**Instructions to follow**
Pictures aside, repeat all the entries below exactly as they appear.
-- Supplied data follows --
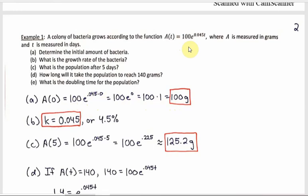The growth rate is k in the formula — here it's the number multiplied by T, which is 0.045. So k is 0.045, or 4.5% in percent form. For part C, the population after five days: T is measured in days, so you substitute in 5 for T. Then 0.045 times 5 is 0.225. You need a calculator to raise e to the 0.225 power and then multiply by 100 — you end up with about 125.2 grams.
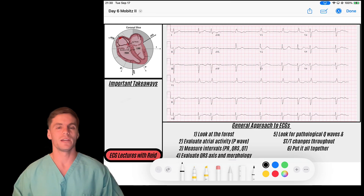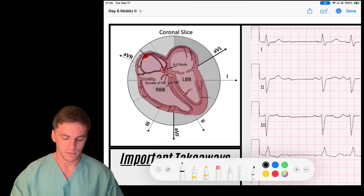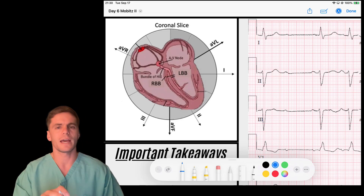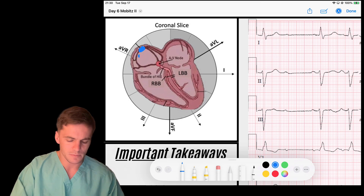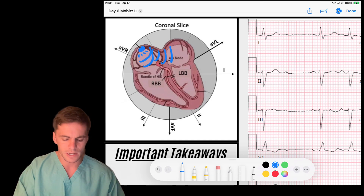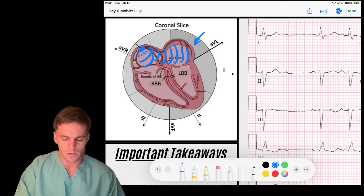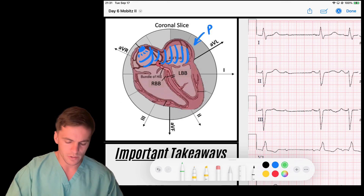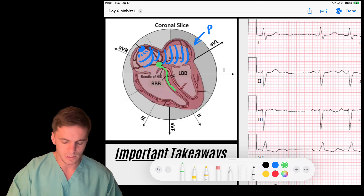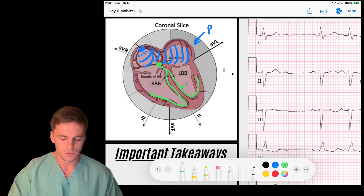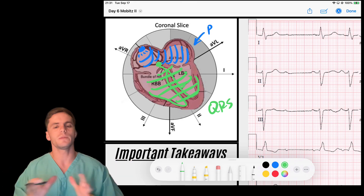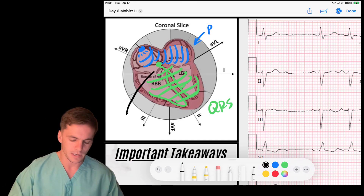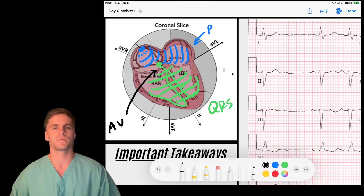Remember, to refresh our memory on AV blocks — we look specifically at the relationship between a P wave and a QRS. Sinus P waves fire off and depolarize the atria, creating our P wave. The AV node captures that signal, delays it, and then sends it down through our ventricular fibers to create our QRS. The time and spatial relationship between the P wave and the QRS is represented by this AV junction.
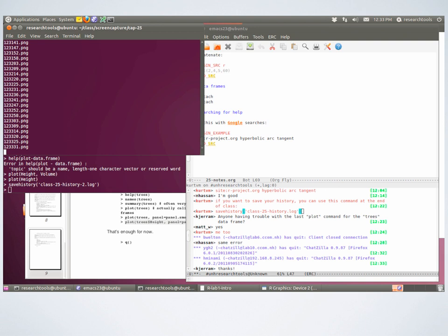A bunch of us on IRC are on the very last command in the introduction, and we're all getting an error about 'argument two matches multiple formats'.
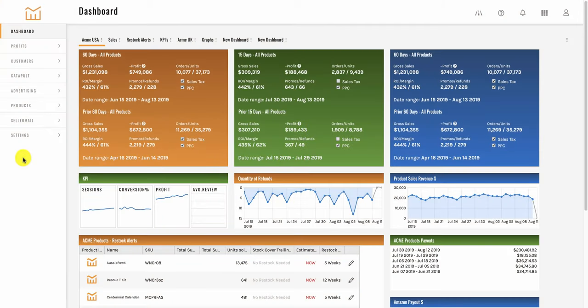Hey guys, Mark Jepson here from Manage by Stats. I wanted to give you a quick walkthrough of our distiller tool. There are a couple ways to use the distiller tool.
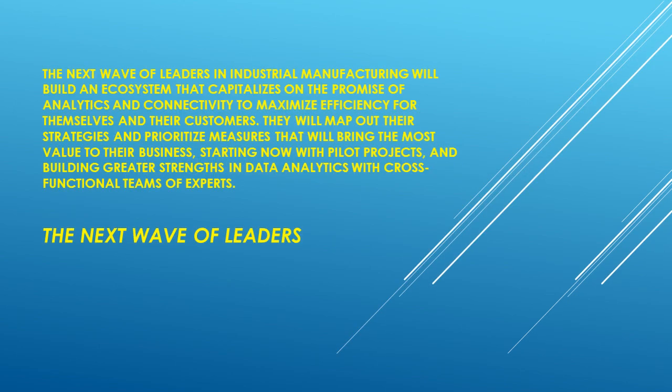The next wave of leaders in industrial manufacturing will build an ecosystem that capitalizes on the promise of analytics and connectivity to maximize efficiency for themselves and their customers. They will map out their strategies and prioritize measures that will bring the most value to their business, starting now with pilot projects and building greater strengths in data analytics with cross-functional teams of experts.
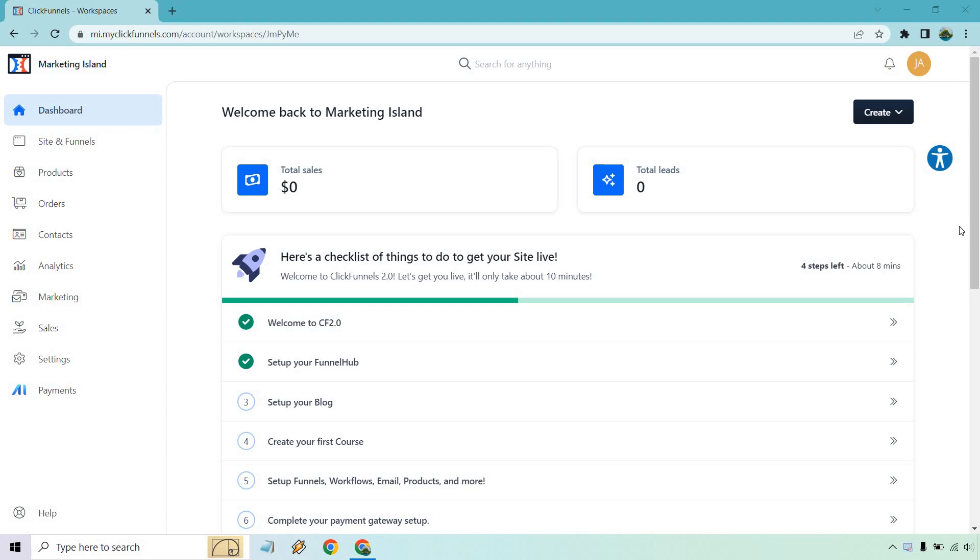If you'd like to log in to follow along, I will leave my link down below. In case you're not using ClickFunnels 2.0 and you want to try it out, that will also help you get a free 14-day trial, so feel free to check that out if needed.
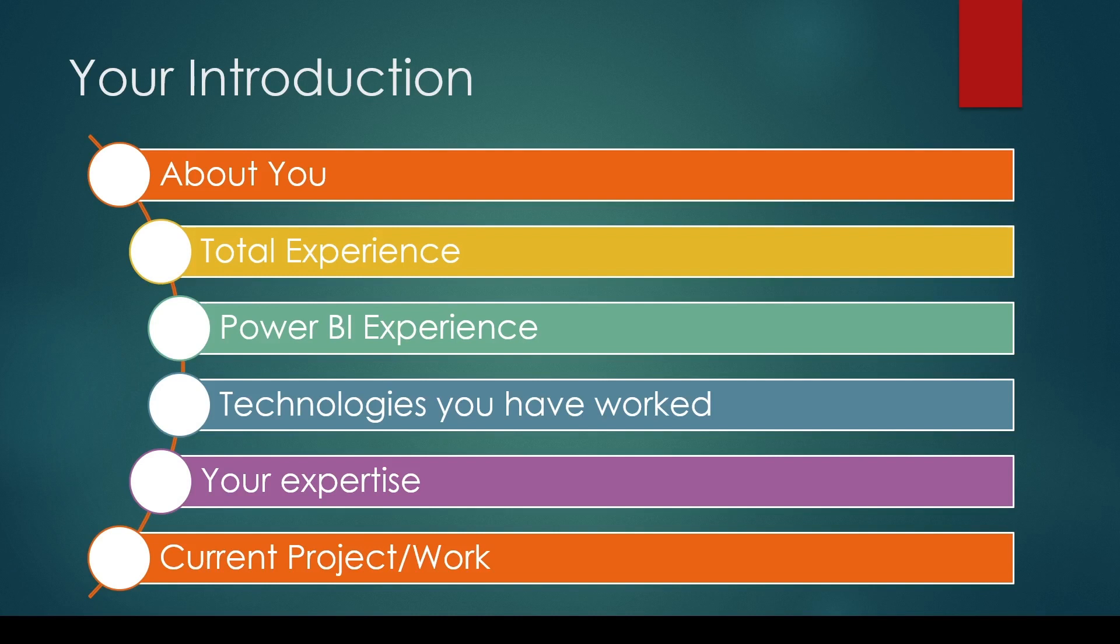Talk about your total experience and your Power BI experience. If you have experience in other areas, say: 'I am experienced in data analytics or BI domain for five years and have three years of experience in Power BI.' Then talk about the technologies you have worked on.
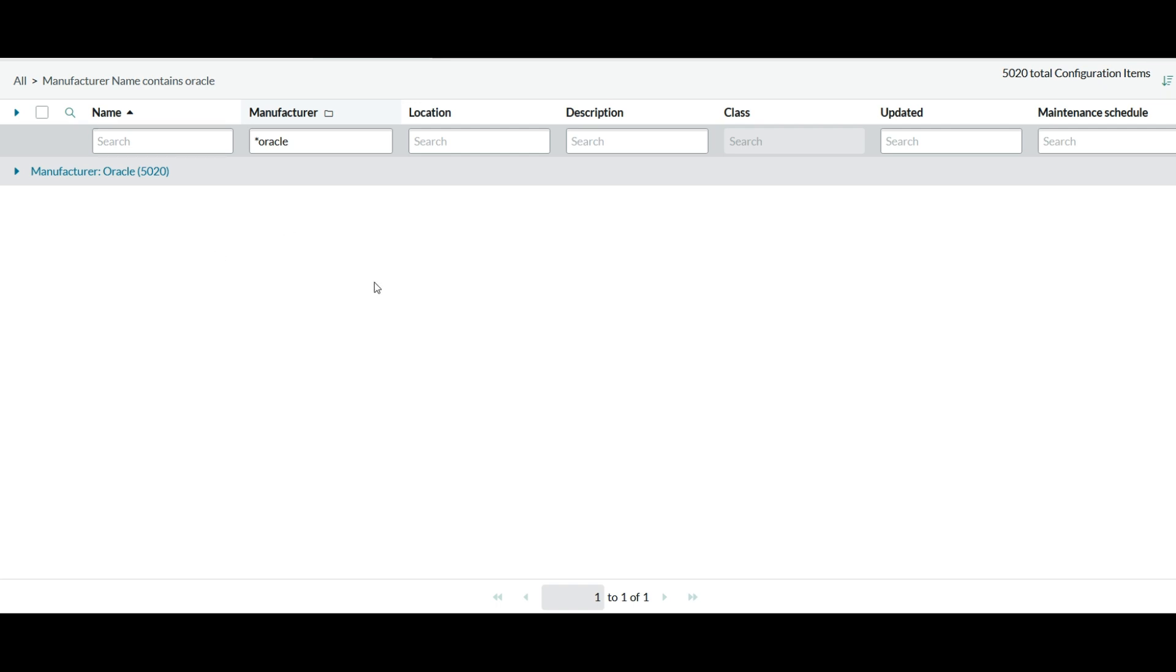Okay. So this looks good. Thank you so much for watching. This is how we can set up the normalization data services plugin. Bye-bye.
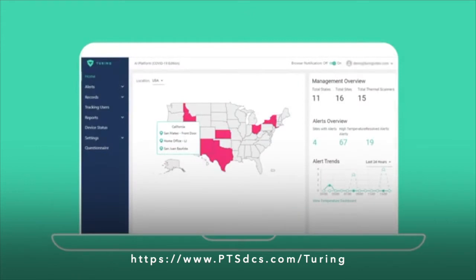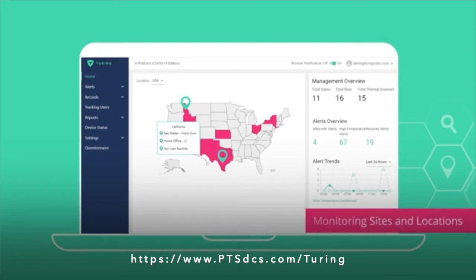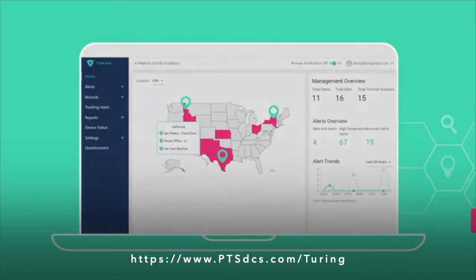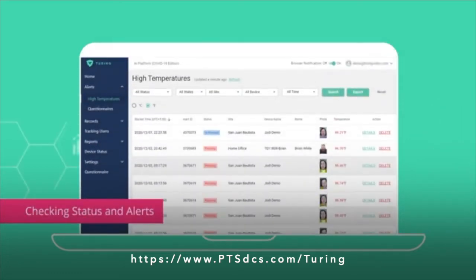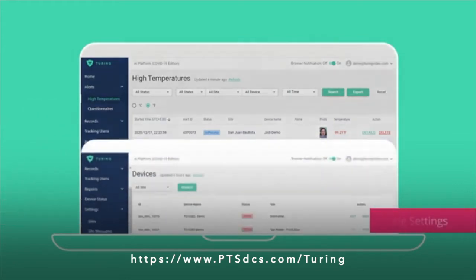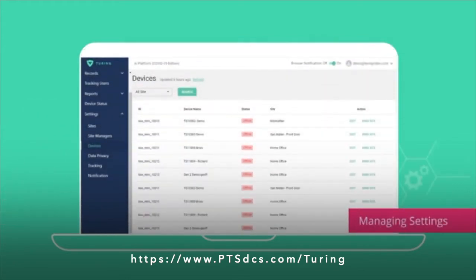Using the Data Access Management Platform, you can perform an array of tasks, from monitoring sites and locations to checking various statuses and alerts, viewing reports, managing various settings including sites, devices, notifications, and much more.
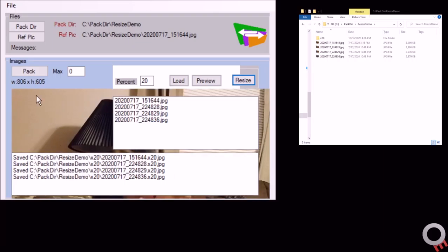That's going to create a new folder. If you look over here, there's a folder created called x20, which is based on the size percent you set.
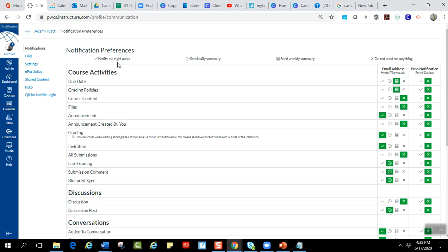So there's notify me right away with the check mark. There's send daily summary with a little clock. There's send weekly summary with the calendar, or there's nope, I don't want anything. Don't send me anything, which is the X.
-- Supplied data concluded --
**Answer box**
The growth rate is k in the formula — here it's the number multiplied by T, which is 0.045. So k is 0.045, or 4.5% in percent form. For part C, the population after five days: T is measured in days, so you substitute in 5 for T. Then 0.045 times 5 is 0.225. You need a calculator to raise e to the 0.225 power and then multiply by 100 — you end up with about 125.2 grams.
Remember, to refresh our memory on AV blocks — we look specifically at the relationship between a P wave and a QRS. Sinus P waves fire off and depolarize the atria, creating our P wave. The AV node captures that signal, delays it, and then sends it down through our ventricular fibers to create our QRS. The time and spatial relationship between the P wave and the QRS is represented by this AV junction.
A bunch of us on IRC are on the very last command in the introduction, and we're all getting an error about 'argument two matches multiple formats'.
Hey guys, Mark Jepson here from Manage by Stats. I wanted to give you a quick walkthrough of our distiller tool. There are a couple ways to use the distiller tool.
The next wave of leaders in industrial manufacturing will build an ecosystem that capitalizes on the promise of analytics and connectivity to maximize efficiency for themselves and their customers. They will map out their strategies and prioritize measures that will bring the most value to their business, starting now with pilot projects and building greater strengths in data analytics with cross-functional teams of experts.
If you'd like to log in to follow along, I will leave my link down below. In case you're not using ClickFunnels 2.0 and you want to try it out, that will also help you get a free 14-day trial, so feel free to check that out if needed.
Talk about your total experience and your Power BI experience. If you have experience in other areas, say: 'I am experienced in data analytics or BI domain for five years and have three years of experience in Power BI.' Then talk about the technologies you have worked on.
Okay. So this looks good. Thank you so much for watching. This is how we can set up the normalization data services plugin. Bye-bye.
Using the Data Access Management Platform, you can perform an array of tasks, from monitoring sites and locations to checking various statuses and alerts, viewing reports, managing various settings including sites, devices, notifications, and much more.
That's going to create a new folder. If you look over here, there's a folder created called x20, which is based on the size percent you set.
So there's notify me right away with the check mark. There's send daily summary with a little clock. There's send weekly summary with the calendar, or there's nope, I don't want anything. Don't send me anything, which is the X.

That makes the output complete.